Proposed amendment would add supermajority requirement to state’s constitution

OLYMPIA… Inspired by the repeated passage of initiatives requiring a two-thirds vote in the Legislature to raise taxes, Sen. John Braun is sponsoring Senate Joint Resolution 8200, which would let Washington voters decide whether to permanently add that supermajority standard to the state constitution.

Braun, R-Centralia, believes voters sent a strong message to lawmakers in November when they approved the two-thirds threshold for the third time in five years, in the form of Initiative 1185. The same standard had been approved in 2010 as Initiative 1053 and in 2007 as Initiative 960.

Washington’s constitution may be changed only by a vote of the people, while laws created through citizen initiatives – such as the I-1185 law and its predecessors – may be suspended after just two years with a simple-majority vote of the Legislature. Without I-1185’s passage, Braun explained, lawmakers could have raised taxes this legislative session with a majority vote rather than a supermajority, just as they did in 2010.

“The message to us was very clear,” Braun said. “The people want us to explore all other options before thinking about raising taxes. With such a strong, unified voice, why should Washingtonians have to vote over and over to keep this taxpayer protection in place?”
Braun added that including the higher standard in the constitution should change the mindset of lawmakers who look to tax increases ahead of reforms when considering how to fund taxpayer-supported services.

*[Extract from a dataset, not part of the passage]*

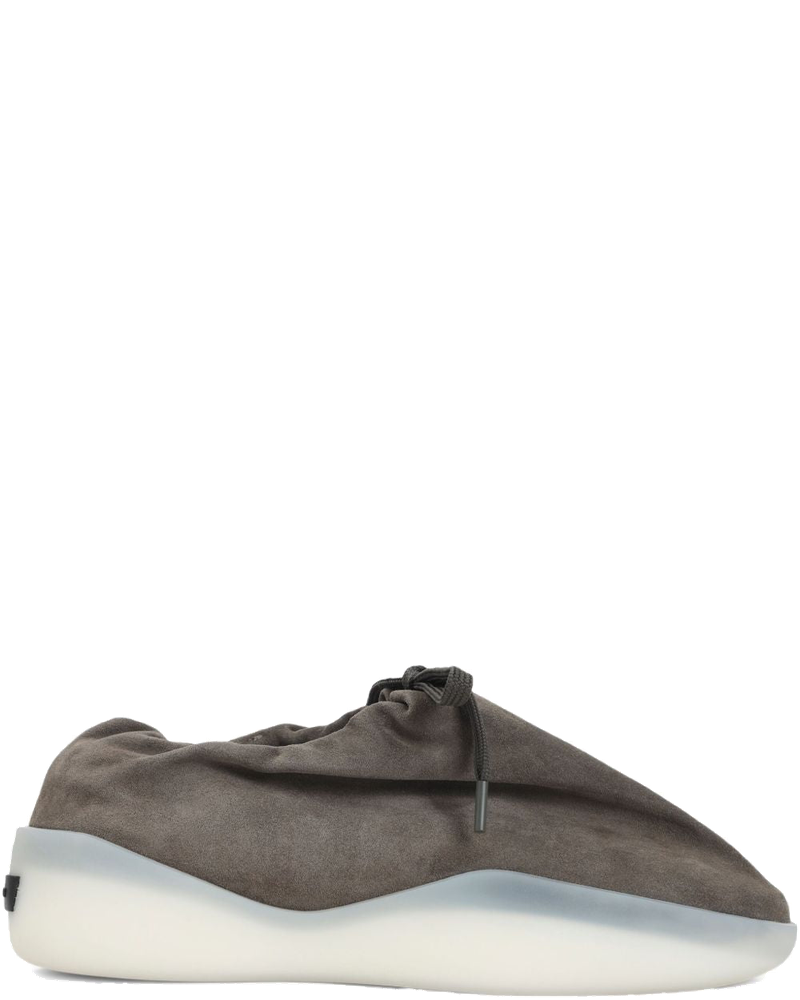 Fear of god Footwear оригінал | Швидка доставка Україна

“Any business owner would be wise to look at making his or her operations more efficient and cost-effective before asking customers to pay more. That same thinking is what we need more of in Olympia,” said Braun, who is a longtime Lewis County employer.

Without such a constitutional amendment, Braun said voters should expect to see another initiative just like I-1185 on the 2014 ballot. That means more money will be spent on both sides, he added, noting how campaigns on both sides of the question collectively spent more than $1.5 million last year, more than $3.1 million in 2010, and more than $2.1 million in 2007, according to the state Public Disclosure Commission.

“There’s all this money being spent — more than $6.7 million in five years – and the results are the same every time.” Braun said. “Passing this resolution through to the voters is the right thing to do.”